Ketegangan geopolitik di kawasan Timur Tengah kembali memanas setelah Iran meluncurkan rudal balistik ke arah pangkalan militer Amerika Serikat di Qatar pada tanggal 23 Juni 2025. Serangan ini disebut sebagai balasan langsung atas aksi militer AS yang sebelumnya menghantam beberapa fasilitas nuklir utama Iran, termasuk kompleks pengayaan uranium di Natanz.
Kementerian Pertahanan Iran mengonfirmasi peluncuran rudal tersebut sebagai “respon sah terhadap agresi yang melanggar kedaulatan nasional,” sementara pemerintah AS menyebut tindakan Iran sebagai "eskalasi berbahaya yang mengancam stabilitas kawasan."

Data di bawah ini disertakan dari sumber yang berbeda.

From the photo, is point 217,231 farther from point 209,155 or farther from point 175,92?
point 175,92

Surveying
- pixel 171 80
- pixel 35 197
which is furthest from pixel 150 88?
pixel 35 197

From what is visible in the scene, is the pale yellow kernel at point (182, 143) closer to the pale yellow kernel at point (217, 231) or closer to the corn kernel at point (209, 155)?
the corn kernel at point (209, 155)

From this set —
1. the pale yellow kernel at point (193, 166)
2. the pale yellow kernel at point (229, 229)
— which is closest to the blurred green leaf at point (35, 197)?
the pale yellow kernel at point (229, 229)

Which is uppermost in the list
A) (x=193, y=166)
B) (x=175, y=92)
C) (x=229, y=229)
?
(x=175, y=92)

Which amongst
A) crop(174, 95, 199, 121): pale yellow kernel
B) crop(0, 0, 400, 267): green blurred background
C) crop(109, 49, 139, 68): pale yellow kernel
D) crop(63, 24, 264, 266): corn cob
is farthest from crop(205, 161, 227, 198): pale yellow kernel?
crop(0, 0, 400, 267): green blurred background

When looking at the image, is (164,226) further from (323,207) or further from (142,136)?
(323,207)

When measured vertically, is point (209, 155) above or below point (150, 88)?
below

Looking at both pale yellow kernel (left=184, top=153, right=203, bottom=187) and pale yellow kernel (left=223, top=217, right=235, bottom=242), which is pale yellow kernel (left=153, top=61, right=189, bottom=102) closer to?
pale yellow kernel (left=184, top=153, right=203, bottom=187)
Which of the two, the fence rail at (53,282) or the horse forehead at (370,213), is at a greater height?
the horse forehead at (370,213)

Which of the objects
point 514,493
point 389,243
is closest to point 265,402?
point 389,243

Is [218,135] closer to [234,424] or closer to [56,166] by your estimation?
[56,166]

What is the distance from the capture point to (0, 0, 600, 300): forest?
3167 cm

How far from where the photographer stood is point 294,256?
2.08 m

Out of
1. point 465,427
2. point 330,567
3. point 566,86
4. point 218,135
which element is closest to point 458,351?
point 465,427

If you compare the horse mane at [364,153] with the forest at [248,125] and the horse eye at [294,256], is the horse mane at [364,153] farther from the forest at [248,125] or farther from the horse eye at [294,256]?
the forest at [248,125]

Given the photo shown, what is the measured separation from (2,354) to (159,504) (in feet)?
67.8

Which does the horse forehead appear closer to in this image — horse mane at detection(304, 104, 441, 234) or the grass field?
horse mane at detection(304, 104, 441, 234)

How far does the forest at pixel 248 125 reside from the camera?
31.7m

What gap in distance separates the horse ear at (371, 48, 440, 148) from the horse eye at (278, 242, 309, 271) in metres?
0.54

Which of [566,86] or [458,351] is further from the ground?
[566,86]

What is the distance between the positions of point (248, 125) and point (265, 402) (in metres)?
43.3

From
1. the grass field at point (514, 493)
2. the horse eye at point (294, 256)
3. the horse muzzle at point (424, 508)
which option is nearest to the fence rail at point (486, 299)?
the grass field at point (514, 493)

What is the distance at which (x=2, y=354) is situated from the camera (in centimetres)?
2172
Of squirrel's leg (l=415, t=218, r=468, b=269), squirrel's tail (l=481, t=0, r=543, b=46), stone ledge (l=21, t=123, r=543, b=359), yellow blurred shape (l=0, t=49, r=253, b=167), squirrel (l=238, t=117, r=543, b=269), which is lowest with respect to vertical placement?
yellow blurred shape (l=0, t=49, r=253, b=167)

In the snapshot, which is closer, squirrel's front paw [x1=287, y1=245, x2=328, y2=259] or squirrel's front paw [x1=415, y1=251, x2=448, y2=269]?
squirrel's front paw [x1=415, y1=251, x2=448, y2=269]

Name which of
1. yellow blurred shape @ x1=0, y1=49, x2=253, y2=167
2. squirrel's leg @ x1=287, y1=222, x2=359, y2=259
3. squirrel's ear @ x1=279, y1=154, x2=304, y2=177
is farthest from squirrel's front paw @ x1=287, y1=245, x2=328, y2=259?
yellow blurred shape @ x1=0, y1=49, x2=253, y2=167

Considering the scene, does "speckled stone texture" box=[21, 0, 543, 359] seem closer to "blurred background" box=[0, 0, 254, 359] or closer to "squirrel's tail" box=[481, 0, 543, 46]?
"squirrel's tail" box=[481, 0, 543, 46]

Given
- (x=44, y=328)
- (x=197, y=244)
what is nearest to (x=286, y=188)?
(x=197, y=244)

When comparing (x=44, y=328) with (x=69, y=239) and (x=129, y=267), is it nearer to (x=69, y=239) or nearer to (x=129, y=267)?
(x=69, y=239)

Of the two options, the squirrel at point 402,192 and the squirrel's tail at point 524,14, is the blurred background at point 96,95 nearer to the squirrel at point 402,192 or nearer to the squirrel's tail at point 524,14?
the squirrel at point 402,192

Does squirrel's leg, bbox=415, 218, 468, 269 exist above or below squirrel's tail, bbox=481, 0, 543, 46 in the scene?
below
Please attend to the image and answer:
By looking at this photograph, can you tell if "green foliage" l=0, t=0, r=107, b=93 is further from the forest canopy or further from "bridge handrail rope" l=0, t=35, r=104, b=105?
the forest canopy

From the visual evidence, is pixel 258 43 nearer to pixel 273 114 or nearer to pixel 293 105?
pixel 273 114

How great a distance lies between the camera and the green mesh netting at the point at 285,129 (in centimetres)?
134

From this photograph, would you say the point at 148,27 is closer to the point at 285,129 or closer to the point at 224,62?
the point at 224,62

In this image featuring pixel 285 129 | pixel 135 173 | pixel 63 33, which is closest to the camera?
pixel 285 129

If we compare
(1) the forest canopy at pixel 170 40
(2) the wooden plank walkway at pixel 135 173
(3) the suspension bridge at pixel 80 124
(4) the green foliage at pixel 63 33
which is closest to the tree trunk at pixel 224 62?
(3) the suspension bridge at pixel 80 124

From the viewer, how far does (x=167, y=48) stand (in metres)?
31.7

Konflik ini sendiri berakar dari serangan udara besar-besaran yang dilakukan oleh Israel terhadap sejumlah infrastruktur militer dan nuklir Iran pada pertengahan Juni 2025. Serangan itu menewaskan sejumlah ilmuwan nuklir dan menghancurkan fasilitas strategis, memicu kemarahan Teheran dan mempercepat konfrontasi terbuka di wilayah Teluk.
Dampak dari aksi saling serang ini tidak hanya bersifat militer, tetapi juga mengguncang pasar energi global, meningkatkan harga minyak, serta memicu kekhawatiran akan pecahnya perang terbuka antara kekuatan besar dunia. PBB dan beberapa negara regional, termasuk Turki dan Uni Emirat Arab, telah menyerukan gencatan senjata segera dan pembukaan jalur diplomasi.
Namun hingga kini, masing-masing pihak menunjukkan sikap tegas dan tidak ada tanda-tanda deeskalasi. Dunia internasional menahan napas, menanti apakah konflik ini akan terus memburuk dan mengarah pada konfrontasi berskala besar.